The Institute for Public Leadership and Social Equity, The PuLSE Institute, a Detroit-based non-partisan and independent think tank devoted to fighting poverty in the city and Detroit Public Schools Community District will host a forum on how poverty, race and illiteracy remain three disturbing impediments to the educational advancement many Detroit school children.
The Forum titled “Illiteracy, Poverty and Race: Confronting the Three Evils of Public Education in Detroit,” will be held on Wednesday, November 14, 6-7:30pm at Denby High School Auditorium, 12800 Kelly Road. The discussion which is free and open to the public, will feature DPSCD Superintendent Nikolai Vitti, Mark Rosenbaum, director of the Public Counsel Opportunity Under Law Project and lead counsel in the right to literacy case and several other speakers.
The Forum which will be the first constructive dialogue after the November 6 election about public education in Detroit, will also focus on how the next governor can be an effective ally in helping the school system succeed.
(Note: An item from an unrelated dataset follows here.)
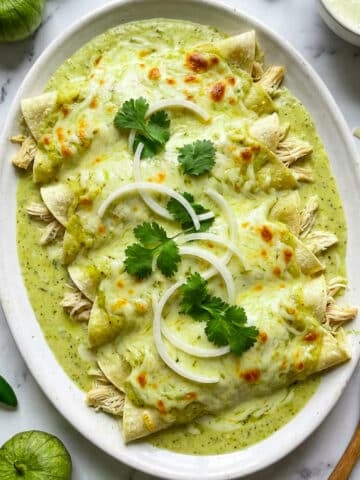 Chicken enchiladas suizas served on a white platter, topped with sliced onions and chopped cilantro.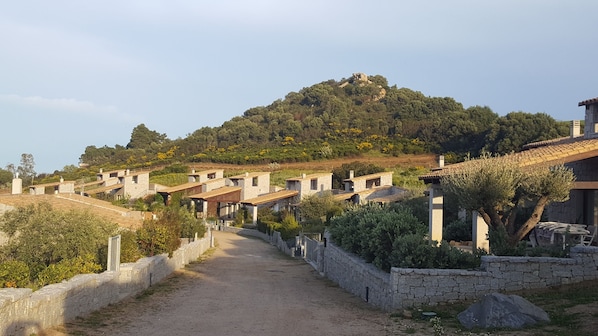 Un pueblo rural con casas de piedra, un camino de tierra y una colina al fondo.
“The issues stemming from state control of DPSCD still plague the rudimentary education of Detroit’s children, who are majority African American. Chief among these is the quality of the education, including the right to literacy, which has been unjustly denied and will only further the cycle of poverty and inequity in the educational system,” said Tina M. Patterson, president of The PuLSE Institute. “The next governor of Michigan must be prepared to fully restore the basic necessities of Detroit public schools and ensure equitable access to the quality education all children deserve.”
The Forum is part of the Institute’s Perspectives on Poverty Series which focuses on the many dimensions and challenges of inequality.
Bankole Thompson, the Institute’s editor-in-chief and an opinion columnist at The Detroit News will moderate the Forum.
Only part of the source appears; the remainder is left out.